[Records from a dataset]
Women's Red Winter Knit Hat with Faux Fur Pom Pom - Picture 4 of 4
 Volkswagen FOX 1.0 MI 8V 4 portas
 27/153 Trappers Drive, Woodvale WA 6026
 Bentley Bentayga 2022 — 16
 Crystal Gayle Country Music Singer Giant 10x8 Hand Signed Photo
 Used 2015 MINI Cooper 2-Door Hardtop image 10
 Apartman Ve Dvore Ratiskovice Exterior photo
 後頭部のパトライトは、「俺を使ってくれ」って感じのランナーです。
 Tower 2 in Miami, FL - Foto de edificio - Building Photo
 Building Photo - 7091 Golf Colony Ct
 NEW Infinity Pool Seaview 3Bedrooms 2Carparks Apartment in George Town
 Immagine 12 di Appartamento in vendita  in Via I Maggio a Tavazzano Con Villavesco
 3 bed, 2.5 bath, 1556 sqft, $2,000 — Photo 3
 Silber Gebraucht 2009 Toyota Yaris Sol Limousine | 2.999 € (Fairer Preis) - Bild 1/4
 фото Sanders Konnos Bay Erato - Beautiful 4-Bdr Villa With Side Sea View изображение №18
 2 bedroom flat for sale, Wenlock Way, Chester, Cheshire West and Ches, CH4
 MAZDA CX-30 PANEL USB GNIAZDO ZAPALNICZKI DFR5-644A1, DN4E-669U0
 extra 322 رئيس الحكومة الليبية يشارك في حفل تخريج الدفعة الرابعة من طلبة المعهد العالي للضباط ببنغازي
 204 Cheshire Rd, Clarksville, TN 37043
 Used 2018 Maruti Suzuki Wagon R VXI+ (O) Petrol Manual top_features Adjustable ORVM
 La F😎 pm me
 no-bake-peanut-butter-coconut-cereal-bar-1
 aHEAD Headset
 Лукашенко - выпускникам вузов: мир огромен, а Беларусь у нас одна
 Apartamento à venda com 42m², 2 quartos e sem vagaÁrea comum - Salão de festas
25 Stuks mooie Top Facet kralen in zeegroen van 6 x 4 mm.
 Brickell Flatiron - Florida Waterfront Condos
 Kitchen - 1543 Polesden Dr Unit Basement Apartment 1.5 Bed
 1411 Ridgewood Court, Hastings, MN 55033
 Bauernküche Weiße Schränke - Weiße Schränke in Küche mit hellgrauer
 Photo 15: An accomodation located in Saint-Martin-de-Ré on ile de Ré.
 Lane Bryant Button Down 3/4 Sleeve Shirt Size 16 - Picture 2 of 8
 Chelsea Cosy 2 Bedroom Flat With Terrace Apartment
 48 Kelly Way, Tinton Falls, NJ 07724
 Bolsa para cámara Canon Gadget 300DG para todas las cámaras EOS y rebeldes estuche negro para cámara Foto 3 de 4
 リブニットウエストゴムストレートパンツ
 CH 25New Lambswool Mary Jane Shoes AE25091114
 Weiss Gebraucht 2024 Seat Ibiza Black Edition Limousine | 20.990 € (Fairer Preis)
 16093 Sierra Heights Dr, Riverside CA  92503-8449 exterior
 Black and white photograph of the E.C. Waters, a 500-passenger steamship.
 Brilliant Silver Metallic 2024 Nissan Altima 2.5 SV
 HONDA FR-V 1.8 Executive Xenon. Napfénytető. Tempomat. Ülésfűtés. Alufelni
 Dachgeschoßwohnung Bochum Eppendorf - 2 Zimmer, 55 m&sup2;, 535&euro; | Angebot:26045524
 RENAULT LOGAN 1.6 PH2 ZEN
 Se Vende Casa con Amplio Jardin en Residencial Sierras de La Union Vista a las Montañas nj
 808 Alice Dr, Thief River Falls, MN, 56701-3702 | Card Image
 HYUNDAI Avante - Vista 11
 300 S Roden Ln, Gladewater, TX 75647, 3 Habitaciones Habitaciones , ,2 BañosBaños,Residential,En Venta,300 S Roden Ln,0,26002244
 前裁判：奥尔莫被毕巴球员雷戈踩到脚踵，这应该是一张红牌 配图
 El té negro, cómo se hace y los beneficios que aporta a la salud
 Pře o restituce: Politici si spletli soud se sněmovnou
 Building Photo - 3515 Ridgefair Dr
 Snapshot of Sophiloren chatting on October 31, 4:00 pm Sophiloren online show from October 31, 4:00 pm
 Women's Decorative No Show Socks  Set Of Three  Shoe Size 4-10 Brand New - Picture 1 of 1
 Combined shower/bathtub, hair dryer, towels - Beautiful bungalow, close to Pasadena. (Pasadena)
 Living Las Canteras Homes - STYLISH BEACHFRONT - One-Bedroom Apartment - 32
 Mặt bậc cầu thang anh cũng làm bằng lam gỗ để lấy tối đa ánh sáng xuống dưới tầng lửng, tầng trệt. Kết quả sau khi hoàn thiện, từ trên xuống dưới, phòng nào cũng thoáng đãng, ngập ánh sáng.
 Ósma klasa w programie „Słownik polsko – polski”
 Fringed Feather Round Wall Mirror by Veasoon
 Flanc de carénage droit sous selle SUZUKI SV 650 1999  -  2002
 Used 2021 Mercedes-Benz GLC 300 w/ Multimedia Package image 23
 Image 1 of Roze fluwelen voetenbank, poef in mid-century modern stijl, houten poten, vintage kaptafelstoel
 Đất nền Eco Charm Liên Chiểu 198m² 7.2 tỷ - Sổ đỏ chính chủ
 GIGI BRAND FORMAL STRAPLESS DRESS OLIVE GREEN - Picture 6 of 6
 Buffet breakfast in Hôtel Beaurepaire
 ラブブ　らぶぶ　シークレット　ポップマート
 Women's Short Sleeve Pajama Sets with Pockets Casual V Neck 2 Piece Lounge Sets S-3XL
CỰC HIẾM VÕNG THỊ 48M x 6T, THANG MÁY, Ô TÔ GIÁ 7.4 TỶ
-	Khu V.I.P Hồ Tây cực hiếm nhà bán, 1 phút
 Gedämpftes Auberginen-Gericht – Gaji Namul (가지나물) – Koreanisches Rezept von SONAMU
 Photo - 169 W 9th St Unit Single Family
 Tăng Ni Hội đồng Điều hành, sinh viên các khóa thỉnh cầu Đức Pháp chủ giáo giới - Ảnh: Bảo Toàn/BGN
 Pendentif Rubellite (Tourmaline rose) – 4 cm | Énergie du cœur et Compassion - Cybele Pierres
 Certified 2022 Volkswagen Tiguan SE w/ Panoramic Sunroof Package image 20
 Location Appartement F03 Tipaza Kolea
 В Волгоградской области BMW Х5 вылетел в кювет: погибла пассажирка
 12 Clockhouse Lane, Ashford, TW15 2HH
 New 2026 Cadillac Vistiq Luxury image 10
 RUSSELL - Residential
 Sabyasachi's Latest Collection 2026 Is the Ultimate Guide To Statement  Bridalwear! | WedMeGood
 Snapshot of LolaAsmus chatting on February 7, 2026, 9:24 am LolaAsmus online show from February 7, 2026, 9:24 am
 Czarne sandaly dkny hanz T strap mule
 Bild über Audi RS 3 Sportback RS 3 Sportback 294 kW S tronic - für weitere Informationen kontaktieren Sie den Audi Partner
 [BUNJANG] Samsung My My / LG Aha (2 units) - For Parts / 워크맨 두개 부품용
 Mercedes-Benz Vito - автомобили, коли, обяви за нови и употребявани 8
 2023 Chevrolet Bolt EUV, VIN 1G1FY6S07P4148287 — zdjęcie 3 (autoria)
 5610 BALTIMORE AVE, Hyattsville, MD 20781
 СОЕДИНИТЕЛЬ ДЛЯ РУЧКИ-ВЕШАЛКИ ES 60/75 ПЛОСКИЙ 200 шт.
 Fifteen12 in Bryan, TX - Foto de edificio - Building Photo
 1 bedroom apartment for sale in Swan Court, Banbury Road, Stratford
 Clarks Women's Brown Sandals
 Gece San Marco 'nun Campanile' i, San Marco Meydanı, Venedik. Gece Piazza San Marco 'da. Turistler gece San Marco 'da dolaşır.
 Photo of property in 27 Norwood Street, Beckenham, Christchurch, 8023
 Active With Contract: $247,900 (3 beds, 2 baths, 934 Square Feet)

*What is expected*: Using the records above, output exactly the lines from the first through the line that contains "фото Sanders Konnos", with both of those included.

*Problem solution*:
Women's Red Winter Knit Hat with Faux Fur Pom Pom - Picture 4 of 4
 Volkswagen FOX 1.0 MI 8V 4 portas
 27/153 Trappers Drive, Woodvale WA 6026
 Bentley Bentayga 2022 — 16
 Crystal Gayle Country Music Singer Giant 10x8 Hand Signed Photo
 Used 2015 MINI Cooper 2-Door Hardtop image 10
 Apartman Ve Dvore Ratiskovice Exterior photo
 後頭部のパトライトは、「俺を使ってくれ」って感じのランナーです。
 Tower 2 in Miami, FL - Foto de edificio - Building Photo
 Building Photo - 7091 Golf Colony Ct
 NEW Infinity Pool Seaview 3Bedrooms 2Carparks Apartment in George Town
 Immagine 12 di Appartamento in vendita  in Via I Maggio a Tavazzano Con Villavesco
 3 bed, 2.5 bath, 1556 sqft, $2,000 — Photo 3
 Silber Gebraucht 2009 Toyota Yaris Sol Limousine | 2.999 € (Fairer Preis) - Bild 1/4
 фото Sanders Konnos Bay Erato - Beautiful 4-Bdr Villa With Side Sea View изображение №18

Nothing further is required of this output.